Dr. Brothers has performed thousands of lung operations but finds this procedure the most significant development in his career as a chest surgeon.  “This used to be perhaps the most painful surgery a person could have,” says Dr. Brothers. “Now, my patient’s experience is almost pain-free, they awaken immediately after the procedure, and most importantly, it has been a tremendously successful surgery.  You can’t make this surgery any smaller.”

EJGH Pulmonologist and Chief of Staff, Dr. James McCullough, agrees and is very enthusiastic about this new surgical technique. In particular, this type of VATS procedure gives new hope to his patients that may have difficulty coping with an invasive procedure.

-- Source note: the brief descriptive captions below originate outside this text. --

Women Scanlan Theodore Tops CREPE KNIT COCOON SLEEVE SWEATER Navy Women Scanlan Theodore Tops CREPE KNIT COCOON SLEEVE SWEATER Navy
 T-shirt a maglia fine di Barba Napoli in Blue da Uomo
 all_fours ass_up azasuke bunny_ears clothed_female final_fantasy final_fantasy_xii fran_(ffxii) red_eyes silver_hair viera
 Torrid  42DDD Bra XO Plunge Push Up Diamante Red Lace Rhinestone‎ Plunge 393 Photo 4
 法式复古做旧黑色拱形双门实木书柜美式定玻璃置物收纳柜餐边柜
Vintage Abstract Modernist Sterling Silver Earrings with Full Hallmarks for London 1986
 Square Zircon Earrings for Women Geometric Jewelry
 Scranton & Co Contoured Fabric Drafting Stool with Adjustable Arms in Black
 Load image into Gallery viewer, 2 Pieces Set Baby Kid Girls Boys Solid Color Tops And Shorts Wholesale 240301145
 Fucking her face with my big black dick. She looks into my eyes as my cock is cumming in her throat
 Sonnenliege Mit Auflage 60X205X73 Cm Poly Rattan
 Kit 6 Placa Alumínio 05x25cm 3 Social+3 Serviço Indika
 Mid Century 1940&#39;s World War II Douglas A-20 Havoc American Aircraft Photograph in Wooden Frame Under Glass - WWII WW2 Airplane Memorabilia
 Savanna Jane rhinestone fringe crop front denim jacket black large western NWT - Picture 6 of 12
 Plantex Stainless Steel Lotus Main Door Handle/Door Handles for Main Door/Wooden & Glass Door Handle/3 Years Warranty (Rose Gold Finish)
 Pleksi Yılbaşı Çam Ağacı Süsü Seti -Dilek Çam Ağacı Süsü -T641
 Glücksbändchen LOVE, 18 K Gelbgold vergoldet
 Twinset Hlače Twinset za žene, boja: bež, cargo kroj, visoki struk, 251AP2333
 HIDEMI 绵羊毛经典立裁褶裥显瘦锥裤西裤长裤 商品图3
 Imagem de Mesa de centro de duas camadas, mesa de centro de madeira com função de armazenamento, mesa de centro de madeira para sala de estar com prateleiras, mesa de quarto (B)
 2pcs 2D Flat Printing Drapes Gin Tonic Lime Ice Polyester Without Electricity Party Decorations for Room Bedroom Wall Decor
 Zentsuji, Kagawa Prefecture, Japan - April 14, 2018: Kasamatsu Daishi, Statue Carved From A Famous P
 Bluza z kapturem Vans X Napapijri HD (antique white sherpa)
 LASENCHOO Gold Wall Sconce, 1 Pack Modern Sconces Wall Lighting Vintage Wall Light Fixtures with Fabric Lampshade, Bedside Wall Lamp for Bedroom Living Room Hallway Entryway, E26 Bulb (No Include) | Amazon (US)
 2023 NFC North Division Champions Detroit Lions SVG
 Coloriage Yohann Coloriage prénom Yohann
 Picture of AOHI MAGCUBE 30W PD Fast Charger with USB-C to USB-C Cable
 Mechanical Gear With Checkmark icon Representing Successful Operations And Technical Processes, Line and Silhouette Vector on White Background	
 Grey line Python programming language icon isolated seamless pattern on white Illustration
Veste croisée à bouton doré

“In my experience, VATS has shortened hospital stays, resulted in less post-operative discomfort and has improved patient outcomes,” says Dr. McCullough. “It has allowed me to send patients previously considered at prohibitively high risk for surgical resection.  Older, more chronically ill patients have done well and have had curative resections.”

For 76-year-old Elbert Ainsworth, his surgery went even better than he ever could have imagined.  He had the VATS on Wednesday, October 17 and was home by Sunday.  He was surprised with little to no aftereffects and is excited to say that he is already doing yard work with no restrictions.

“Honestly, the worst pain I had was pulling the tape off the two holes,” says Ainsworth.  “If I had the surgery the other way, and found out about this, I’d be mad as hell. I feel very fortunate. Anyone thinking about having this surgery should look into this.”